Zum Abschluss der Veranstaltung fasste Susanne Regener in einem ersten Resümee die Ergebnisse der Tagung zusammen und ging dabei auf die während der Tagung wiederkehrend angesprochene Differenzierung der Begriffe Dilettant, Amateur und Laie ein. Amateure können unterschieden werden von Dilettanten in Hinblick auf ihre Selbst¬einschätzung und Fremdeinschätzung als ästhetisch ambitionierte medienkompetente Produzenten, während Dilettanten sich vor allem durch ihre Liebe zum Gegenstand auszeichnen. Die historische Entwicklung von Amateur-Praxen müsse in zukünftigen Projekten stärkere Berücksichtigung finden.

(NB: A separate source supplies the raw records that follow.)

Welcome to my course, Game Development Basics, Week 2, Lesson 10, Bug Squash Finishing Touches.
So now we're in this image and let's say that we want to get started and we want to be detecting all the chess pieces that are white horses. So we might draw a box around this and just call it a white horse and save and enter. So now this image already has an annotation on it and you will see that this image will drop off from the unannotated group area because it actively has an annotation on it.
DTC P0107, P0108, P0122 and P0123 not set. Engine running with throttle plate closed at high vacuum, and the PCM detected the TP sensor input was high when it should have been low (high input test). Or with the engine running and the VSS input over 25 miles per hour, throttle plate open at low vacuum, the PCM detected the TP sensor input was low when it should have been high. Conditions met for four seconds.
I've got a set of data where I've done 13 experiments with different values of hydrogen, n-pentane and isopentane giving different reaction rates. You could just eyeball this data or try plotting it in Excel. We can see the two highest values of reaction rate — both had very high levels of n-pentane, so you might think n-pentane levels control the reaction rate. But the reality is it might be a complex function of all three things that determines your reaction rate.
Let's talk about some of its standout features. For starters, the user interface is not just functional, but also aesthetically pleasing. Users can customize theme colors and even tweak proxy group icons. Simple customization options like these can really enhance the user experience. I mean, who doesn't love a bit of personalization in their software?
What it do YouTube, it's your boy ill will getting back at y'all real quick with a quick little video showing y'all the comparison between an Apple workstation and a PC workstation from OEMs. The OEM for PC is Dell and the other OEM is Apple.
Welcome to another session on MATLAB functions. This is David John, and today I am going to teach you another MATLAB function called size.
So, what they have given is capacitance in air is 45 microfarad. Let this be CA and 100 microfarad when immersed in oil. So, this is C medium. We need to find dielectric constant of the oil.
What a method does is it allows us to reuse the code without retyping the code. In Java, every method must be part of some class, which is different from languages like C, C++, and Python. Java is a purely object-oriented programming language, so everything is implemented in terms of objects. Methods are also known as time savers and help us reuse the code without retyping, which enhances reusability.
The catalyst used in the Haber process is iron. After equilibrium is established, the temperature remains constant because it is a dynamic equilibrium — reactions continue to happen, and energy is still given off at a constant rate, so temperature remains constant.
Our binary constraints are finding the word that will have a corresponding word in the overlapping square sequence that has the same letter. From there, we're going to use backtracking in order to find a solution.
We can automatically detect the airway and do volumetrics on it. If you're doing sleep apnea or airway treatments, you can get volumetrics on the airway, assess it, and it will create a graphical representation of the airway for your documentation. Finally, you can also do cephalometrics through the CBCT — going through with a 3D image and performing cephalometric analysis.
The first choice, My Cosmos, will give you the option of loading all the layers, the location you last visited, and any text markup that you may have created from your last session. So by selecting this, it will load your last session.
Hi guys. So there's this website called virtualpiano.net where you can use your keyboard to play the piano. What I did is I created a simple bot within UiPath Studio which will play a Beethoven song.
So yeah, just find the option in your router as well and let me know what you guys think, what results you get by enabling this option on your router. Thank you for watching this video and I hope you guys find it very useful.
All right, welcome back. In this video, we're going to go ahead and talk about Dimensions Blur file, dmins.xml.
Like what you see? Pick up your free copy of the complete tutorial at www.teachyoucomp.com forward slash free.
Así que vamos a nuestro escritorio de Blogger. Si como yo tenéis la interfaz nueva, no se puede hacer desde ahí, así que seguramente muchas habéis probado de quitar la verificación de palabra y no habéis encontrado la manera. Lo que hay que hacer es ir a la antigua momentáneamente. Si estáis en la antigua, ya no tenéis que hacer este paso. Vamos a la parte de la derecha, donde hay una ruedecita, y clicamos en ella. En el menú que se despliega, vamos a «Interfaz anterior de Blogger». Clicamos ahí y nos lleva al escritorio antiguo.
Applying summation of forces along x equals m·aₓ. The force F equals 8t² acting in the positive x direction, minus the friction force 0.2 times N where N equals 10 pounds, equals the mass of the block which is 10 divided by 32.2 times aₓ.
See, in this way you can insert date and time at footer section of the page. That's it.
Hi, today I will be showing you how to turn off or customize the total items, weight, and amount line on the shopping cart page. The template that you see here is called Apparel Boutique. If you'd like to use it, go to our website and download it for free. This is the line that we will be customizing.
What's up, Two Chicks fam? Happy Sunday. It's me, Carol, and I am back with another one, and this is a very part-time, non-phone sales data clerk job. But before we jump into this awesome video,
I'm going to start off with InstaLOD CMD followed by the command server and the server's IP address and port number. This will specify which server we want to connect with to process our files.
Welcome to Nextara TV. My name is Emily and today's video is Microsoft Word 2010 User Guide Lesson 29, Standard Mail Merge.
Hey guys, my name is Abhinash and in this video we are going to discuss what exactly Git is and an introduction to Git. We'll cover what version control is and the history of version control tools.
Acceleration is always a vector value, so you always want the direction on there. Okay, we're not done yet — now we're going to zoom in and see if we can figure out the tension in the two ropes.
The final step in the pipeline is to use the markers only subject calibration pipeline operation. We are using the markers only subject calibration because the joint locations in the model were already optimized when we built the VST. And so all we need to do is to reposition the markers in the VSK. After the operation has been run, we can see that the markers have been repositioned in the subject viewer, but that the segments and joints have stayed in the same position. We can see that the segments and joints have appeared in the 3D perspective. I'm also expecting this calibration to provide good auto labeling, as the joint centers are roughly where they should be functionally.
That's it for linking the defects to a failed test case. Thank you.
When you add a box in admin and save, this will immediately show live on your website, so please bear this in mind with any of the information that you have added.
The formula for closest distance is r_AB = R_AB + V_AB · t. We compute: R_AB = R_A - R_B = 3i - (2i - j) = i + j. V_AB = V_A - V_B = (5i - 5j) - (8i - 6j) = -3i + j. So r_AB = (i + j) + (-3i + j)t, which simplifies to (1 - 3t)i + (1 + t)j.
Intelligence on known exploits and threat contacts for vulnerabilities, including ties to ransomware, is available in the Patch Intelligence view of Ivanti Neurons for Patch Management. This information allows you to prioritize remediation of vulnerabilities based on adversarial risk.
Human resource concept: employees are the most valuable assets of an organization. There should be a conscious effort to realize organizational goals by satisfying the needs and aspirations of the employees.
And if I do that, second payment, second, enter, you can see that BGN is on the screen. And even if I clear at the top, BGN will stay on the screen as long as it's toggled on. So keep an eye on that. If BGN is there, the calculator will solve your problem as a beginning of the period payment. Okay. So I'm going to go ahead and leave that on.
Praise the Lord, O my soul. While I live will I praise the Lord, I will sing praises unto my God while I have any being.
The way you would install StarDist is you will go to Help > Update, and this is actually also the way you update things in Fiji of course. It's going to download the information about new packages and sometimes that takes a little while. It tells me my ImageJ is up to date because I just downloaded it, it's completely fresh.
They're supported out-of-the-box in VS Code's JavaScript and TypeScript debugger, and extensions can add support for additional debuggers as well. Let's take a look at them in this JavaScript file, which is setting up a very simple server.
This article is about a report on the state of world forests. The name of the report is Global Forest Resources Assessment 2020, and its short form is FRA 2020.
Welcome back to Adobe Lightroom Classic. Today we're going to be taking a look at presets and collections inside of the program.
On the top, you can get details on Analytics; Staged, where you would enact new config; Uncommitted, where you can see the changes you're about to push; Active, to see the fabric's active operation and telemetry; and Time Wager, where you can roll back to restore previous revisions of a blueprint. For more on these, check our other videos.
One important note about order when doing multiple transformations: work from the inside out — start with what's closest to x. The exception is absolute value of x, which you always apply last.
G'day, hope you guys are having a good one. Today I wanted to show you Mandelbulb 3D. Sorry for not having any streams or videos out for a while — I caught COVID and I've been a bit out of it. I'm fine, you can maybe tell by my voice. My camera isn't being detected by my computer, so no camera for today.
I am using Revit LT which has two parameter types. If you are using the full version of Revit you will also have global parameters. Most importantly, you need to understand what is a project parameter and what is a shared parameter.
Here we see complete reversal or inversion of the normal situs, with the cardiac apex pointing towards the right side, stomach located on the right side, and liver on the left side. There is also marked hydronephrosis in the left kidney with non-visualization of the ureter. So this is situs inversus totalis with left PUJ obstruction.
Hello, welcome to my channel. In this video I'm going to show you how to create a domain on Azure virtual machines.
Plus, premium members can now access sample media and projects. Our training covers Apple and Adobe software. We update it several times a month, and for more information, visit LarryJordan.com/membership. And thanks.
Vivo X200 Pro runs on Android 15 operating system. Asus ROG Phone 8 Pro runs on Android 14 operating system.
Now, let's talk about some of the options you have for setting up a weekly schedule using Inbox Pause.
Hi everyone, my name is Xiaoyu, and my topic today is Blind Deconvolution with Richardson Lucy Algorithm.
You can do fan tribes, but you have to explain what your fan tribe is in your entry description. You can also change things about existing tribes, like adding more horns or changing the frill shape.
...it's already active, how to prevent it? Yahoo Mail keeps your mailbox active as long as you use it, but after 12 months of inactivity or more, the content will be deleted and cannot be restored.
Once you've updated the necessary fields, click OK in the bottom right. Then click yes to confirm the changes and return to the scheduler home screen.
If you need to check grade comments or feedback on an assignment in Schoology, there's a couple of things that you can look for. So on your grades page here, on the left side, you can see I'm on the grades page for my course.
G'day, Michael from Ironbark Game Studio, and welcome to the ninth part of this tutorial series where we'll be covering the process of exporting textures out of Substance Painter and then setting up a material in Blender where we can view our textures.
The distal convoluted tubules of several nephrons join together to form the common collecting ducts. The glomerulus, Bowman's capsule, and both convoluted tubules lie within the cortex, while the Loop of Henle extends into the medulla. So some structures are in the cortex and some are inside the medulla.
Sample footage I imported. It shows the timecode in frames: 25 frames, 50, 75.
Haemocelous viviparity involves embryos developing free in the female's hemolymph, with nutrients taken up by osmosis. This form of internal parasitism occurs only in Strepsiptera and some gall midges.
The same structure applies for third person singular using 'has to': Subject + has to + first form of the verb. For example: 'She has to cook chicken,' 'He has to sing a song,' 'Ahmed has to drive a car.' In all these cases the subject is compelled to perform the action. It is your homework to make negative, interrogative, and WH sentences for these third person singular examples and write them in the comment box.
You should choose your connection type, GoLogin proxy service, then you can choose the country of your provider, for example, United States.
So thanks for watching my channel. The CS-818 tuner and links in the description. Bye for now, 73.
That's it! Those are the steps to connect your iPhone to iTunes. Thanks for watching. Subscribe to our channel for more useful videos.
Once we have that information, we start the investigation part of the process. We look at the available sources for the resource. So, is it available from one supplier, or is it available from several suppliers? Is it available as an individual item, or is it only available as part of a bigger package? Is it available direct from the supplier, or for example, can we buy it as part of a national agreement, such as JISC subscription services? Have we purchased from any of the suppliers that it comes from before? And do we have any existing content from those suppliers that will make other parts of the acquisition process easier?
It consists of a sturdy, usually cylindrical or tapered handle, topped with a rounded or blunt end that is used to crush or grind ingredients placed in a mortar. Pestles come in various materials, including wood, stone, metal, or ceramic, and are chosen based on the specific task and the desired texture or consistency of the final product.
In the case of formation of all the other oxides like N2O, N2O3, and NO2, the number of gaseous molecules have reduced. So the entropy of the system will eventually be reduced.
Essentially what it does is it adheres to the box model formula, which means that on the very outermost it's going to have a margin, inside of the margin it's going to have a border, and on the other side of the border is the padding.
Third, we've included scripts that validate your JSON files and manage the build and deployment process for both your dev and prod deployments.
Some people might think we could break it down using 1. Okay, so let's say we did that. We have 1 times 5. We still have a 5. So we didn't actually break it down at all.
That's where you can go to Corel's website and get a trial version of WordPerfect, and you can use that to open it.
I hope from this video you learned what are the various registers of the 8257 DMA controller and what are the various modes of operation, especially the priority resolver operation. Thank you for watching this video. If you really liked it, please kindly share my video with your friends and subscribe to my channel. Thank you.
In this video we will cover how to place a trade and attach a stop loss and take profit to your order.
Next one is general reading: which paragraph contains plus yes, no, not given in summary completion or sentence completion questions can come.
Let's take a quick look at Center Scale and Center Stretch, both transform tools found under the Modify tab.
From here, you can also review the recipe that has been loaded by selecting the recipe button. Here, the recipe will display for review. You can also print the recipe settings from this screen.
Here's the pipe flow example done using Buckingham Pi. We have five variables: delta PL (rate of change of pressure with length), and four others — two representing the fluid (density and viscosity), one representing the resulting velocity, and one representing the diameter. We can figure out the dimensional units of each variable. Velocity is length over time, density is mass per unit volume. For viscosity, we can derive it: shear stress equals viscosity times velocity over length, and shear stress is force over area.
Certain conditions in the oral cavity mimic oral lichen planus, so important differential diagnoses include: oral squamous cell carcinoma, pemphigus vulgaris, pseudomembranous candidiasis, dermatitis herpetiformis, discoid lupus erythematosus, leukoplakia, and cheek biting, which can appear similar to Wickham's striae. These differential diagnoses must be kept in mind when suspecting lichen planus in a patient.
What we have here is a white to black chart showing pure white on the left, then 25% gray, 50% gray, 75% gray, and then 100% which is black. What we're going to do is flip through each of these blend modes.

Die Tätigkeit des Medienamateurs stellte Regener in einen engen Zusammenhang mit der Blickkultur. Blickkultur ist gekennzeichnet durch Erfahrungen mit Bildern, Traditionen symbolischer Ordnungen, Bildgedächtnis und Bilderwanderungen. Laut Regener führe dieses Verständnis einer konsequenten Kontextualisierung von Bildern, dazu, die Fragen nach der Bedeutung der kursierenden Bilder und der Praxen ihrer Herstellung und Verbreitung im Forschungsfeld der Visual Culture zu verorten. Nur ein multimethodischer Ansatz, so Regener abschließend, kann helfen den Medienamateur in seinem vielfältigen Aktionsfeld zu erfassen und ihn damit auf verschiedenen Ebenen der sozialen Praxis als Handelnden in unserer Kultur ausweisen.